Hot music drives 'Dirty Dancing: Havana Nights' beyond the ordinary

By SEAN AXMAKER
SPECIAL TO THE POST-INTELLIGENCER

It's been nearly 20 years since "Dirty Dancing," an ugly duckling-to-swan romance set in an innocent world of early 1960s rock 'n' roll rebellion, became a feel-good romantic phenomenon. Now comes not so much a sequel as a second edition.

  MOVIE REVIEW
 

DIRTY DANCING: HAVANA NIGHTS

DIRECTOR: Guy Ferland

CAST: Diego Luna, Romola Garai, Sela Ward, John Slattery

RUNNING TIME: 86 minutes

RATING: PG-13 for sensuality

WHERE: Alderwood 7, Cinema 17, Crossroads 8, Everett 9, Issaquah 9, Marysville Cinema 14, Meridian 16, Metro, Monroe 12, Parkway Plaza 12, Redmond Town Center, Renton Village, South Hill Mall, Woodinville 12

GRADE: C+

"Dirty Dancing: Havana Nights" once again follows the flowering of a young, sheltered woman as she becomes entranced by the earthy, sexy abandon of dance and appalled by the class divisions of her protected world of privilege.

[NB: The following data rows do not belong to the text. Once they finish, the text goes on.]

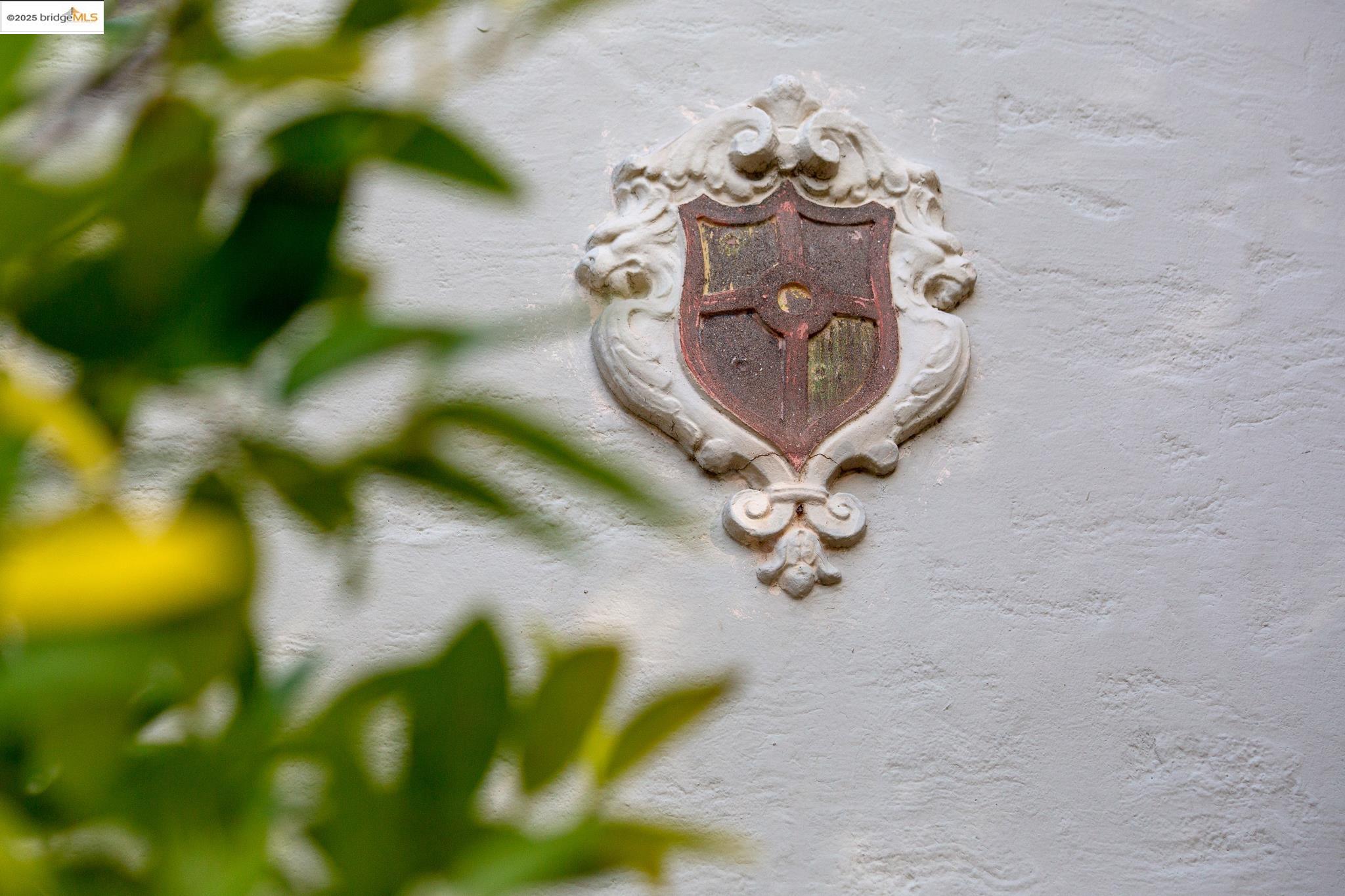 Detail Gallery Image 2 of 47 For 3710 Wisconsin St, Oakland,  CA 94619 - 2 Beds | 2 Baths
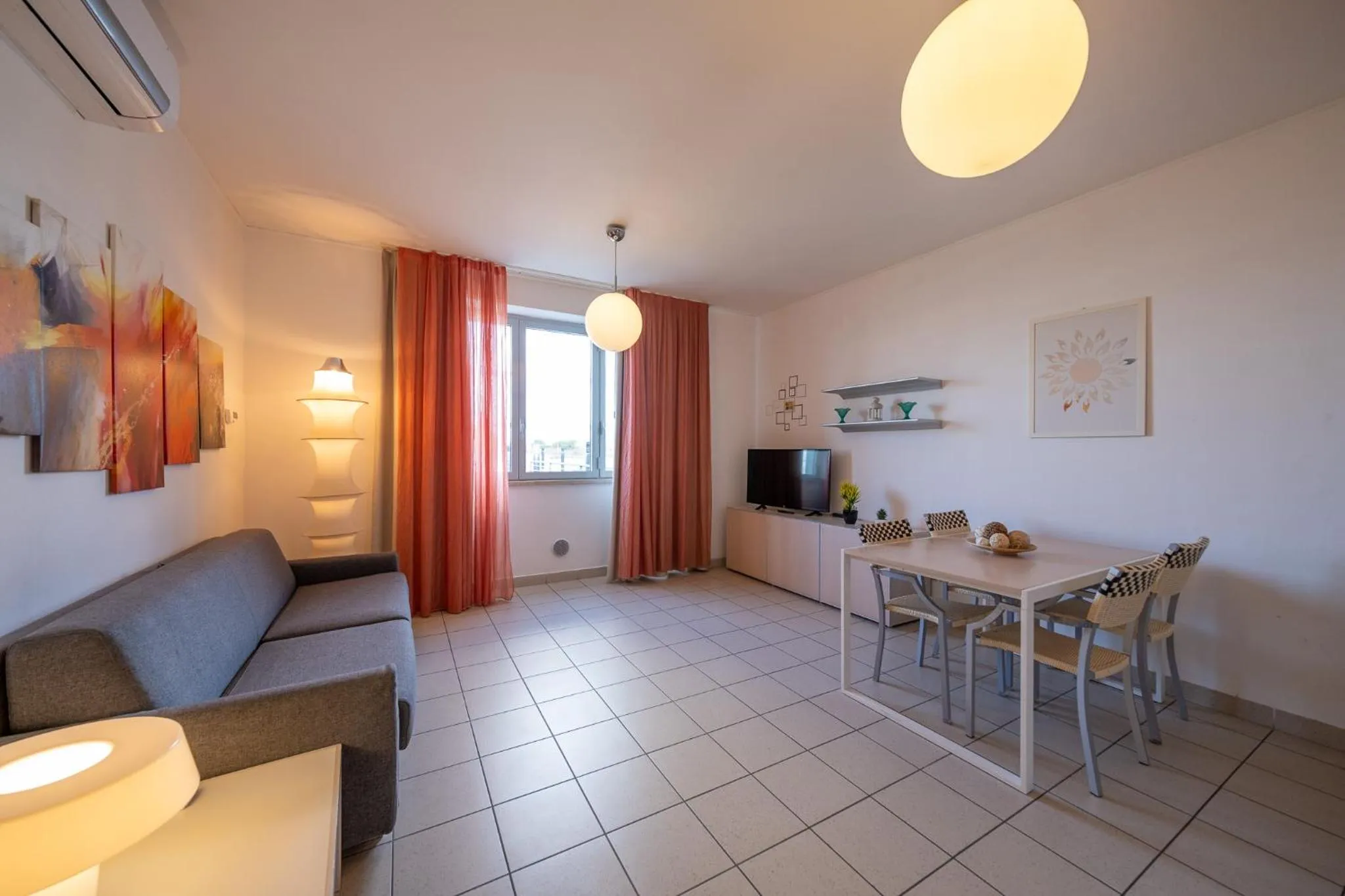 Living room, Bed in Solidago Residence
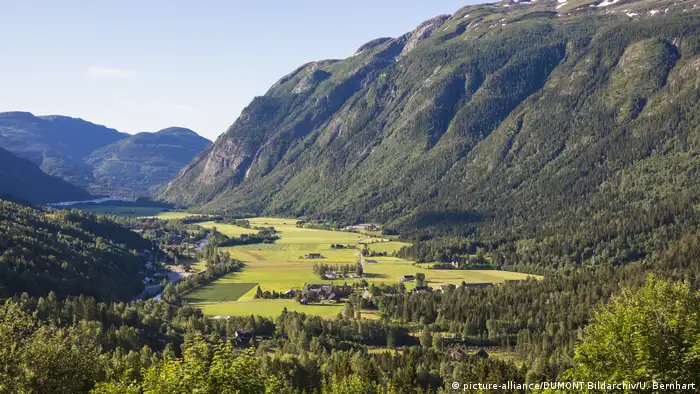 Norway's Flatdal region (picture-alliance/DUMONT Bildarchiv/U. Bernhart)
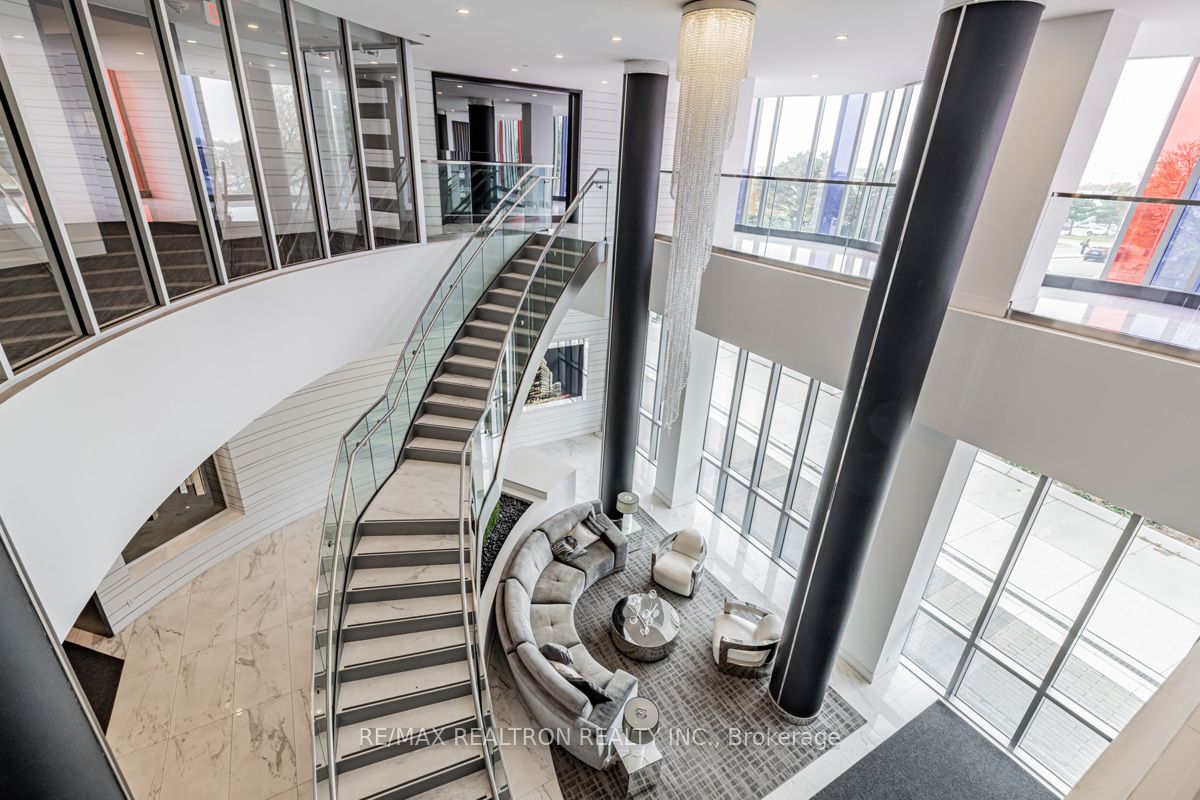 9471 Yonge St, #213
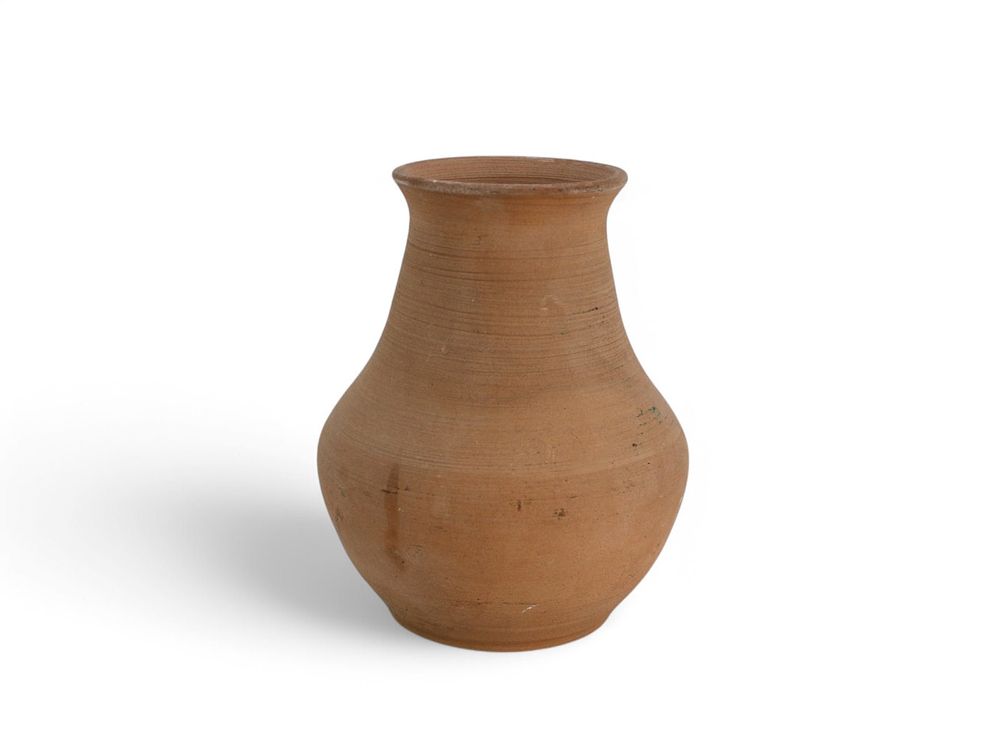 Lot 401: A Chinese Unglazed Terracotta Water Vessel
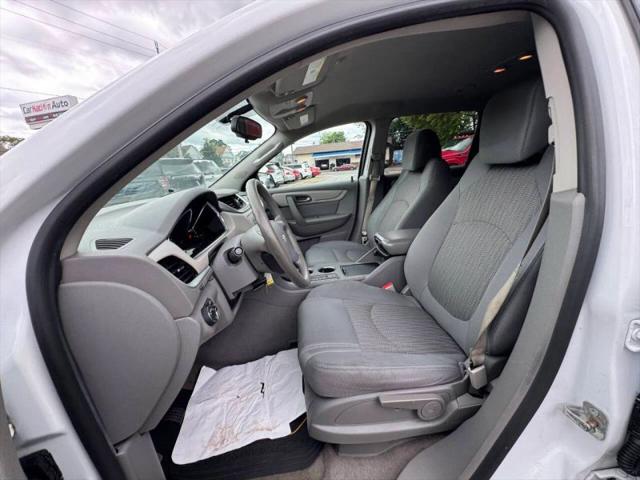 2017 Chevrolet Traverse LS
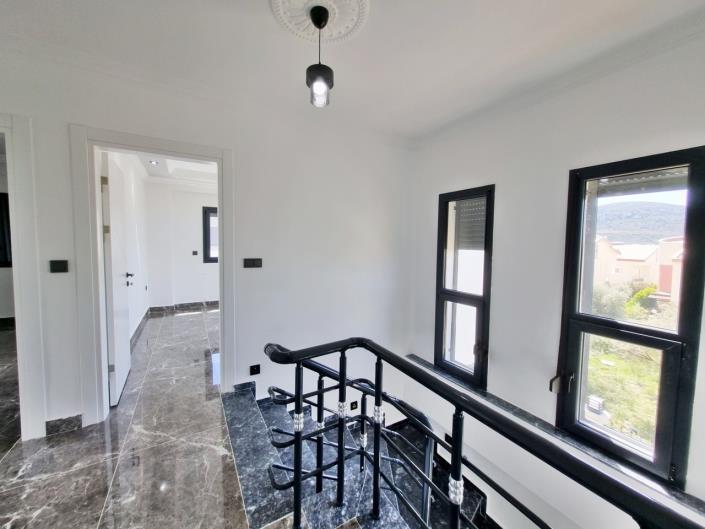 Image No.29-4 Bed Villa / Detached for sale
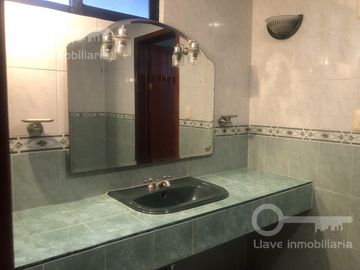 Casa en Venta en calle Nayarit, Col. Petrolera, Coatzacoalcos, Ver.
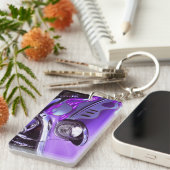 クラシックな車: 燃えるようなフードが付いているシボレー キーホルダー (正面右)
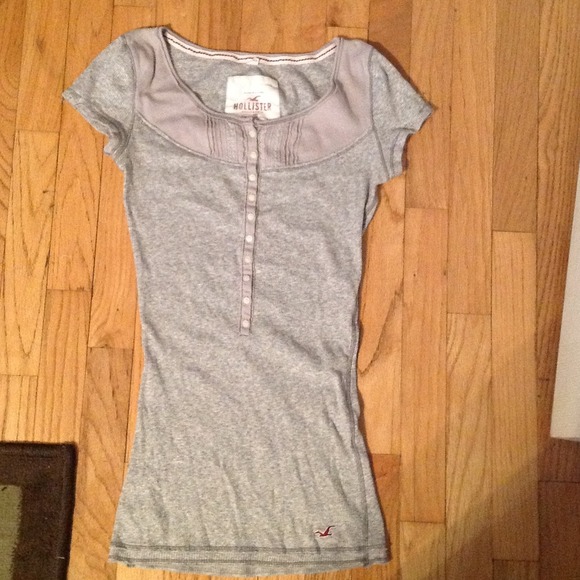 **SOLD in a BUNDLE**Hollister grey shirt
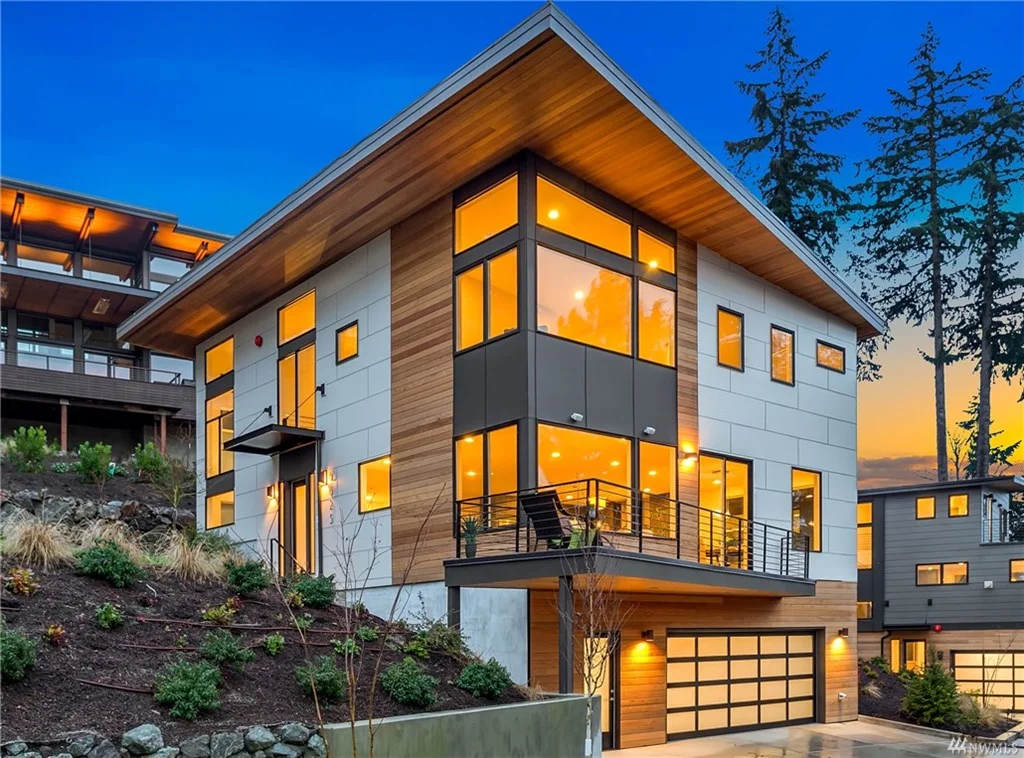 6825 SE 32nd Ave | $2,000,000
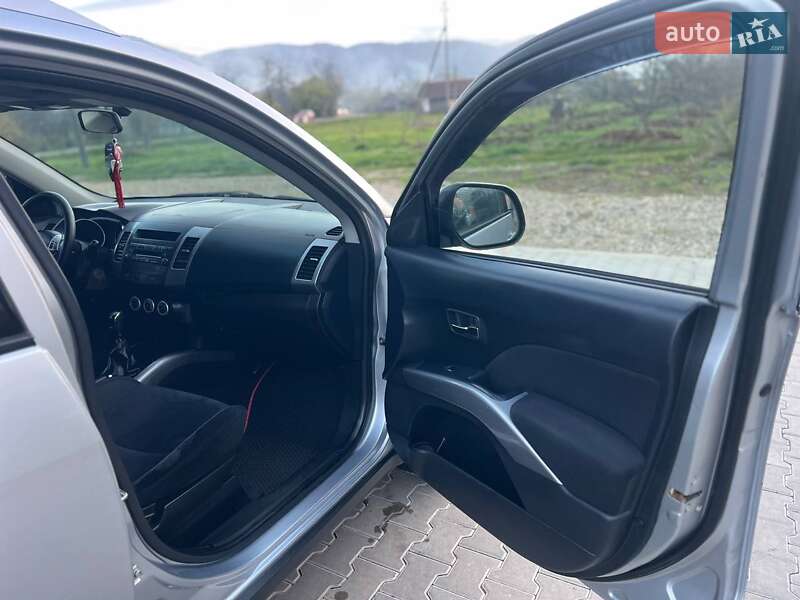 Позашляховик / Кросовер Mitsubishi Outlander 2007 в Косові фото 9 Позашляховик / Кросовер Mitsubishi Outlander 2007 в Косові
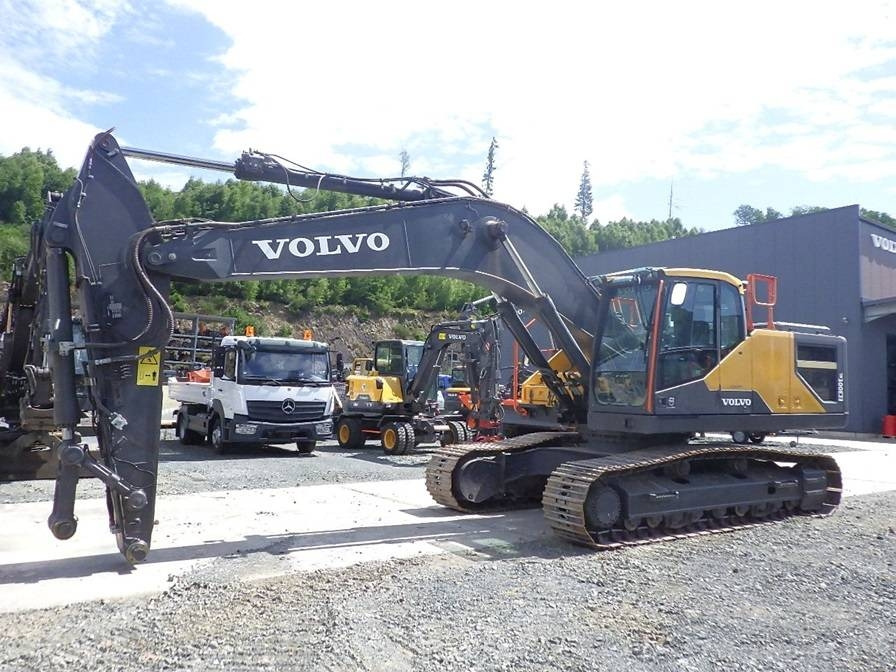 Volvo EC 300 E - Lánctalpas kotró: 1 kép. Volvo EC 300 E - Lánctalpas kotró: 1 kép.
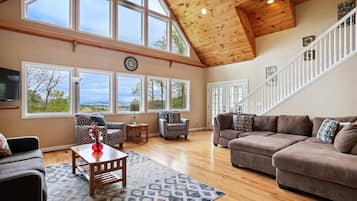 Smart TV, chimenea, consola de videojuegos y oficina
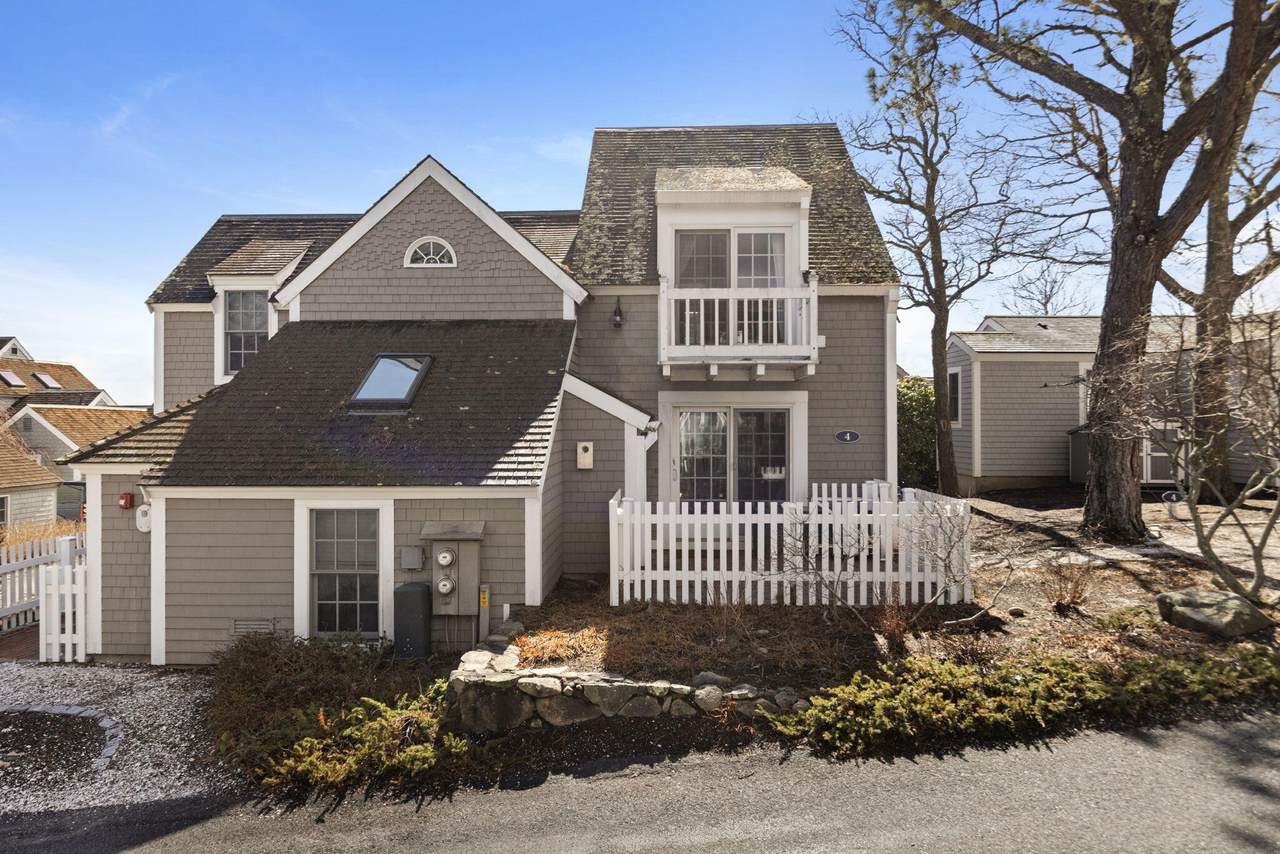4 Hyannis Point Road - Photo 1
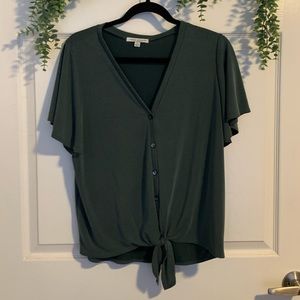 Green tie shirt. Green Envelope. Large.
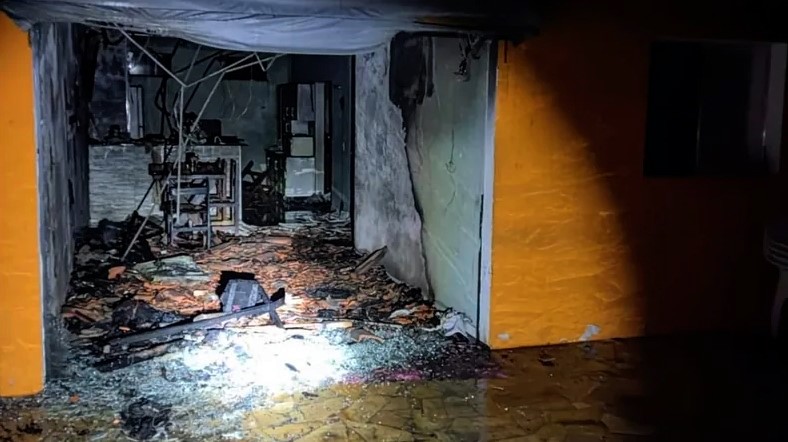 Fogo destruiu a casa das vítimas (Foto: Polícia Militar)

This time around, class brain and social klutz Katey (Romola Garai, the innocent little sister of "Nicholas Nickleby" with a flavorless mid-Atlantic accent passing for American) is dropped into Batista's Cuba, circa 1958. Out of step with her classmates, ugly Americans in training who lounge around her luxury hotel pool and sneer at the locals, she is miserable until she gets a gander at the hot, hot, hot street dancing in the local quarter of town.

When young waiter Javier (Diego Luna of "Et Tu Mama, Tambien") invites her to the local nightclubs the tourists don't see, the ballroom-dancing American tosses off her white sweaters and learns a new way of moving to the beat. Angry young man Javier, who single-handedly supports an impoverished family while his big brother fights Batista in la Revolution, becomes her partner for the big dance contest: a Mickey and Judy in a culture of class struggle.

Though inspired by the true story of choreographer JoAnn Jansen as an American teenager in Cuba, this is pure fairy tale. The tourist paradise of Batista's corrupt, crime-riddled Cuba is contrasted with the sweaty, hearty, sexy Coo-ba of Havana's working-class population, where revolution is brewing under the driving salsa beat of its nightclubs and the blonde child of privilege is improbably tolerated by the brothers of rebellion.

But even as the prosaic script gets lost in the intoxicating fantasy of the bloodless revolution, the hot heartbeat of the music drives the film with pure energy. Remove the naive social politics and it's just a story of teenage rebellion and romance set to a beat that will have any audience nodding to its rhythms.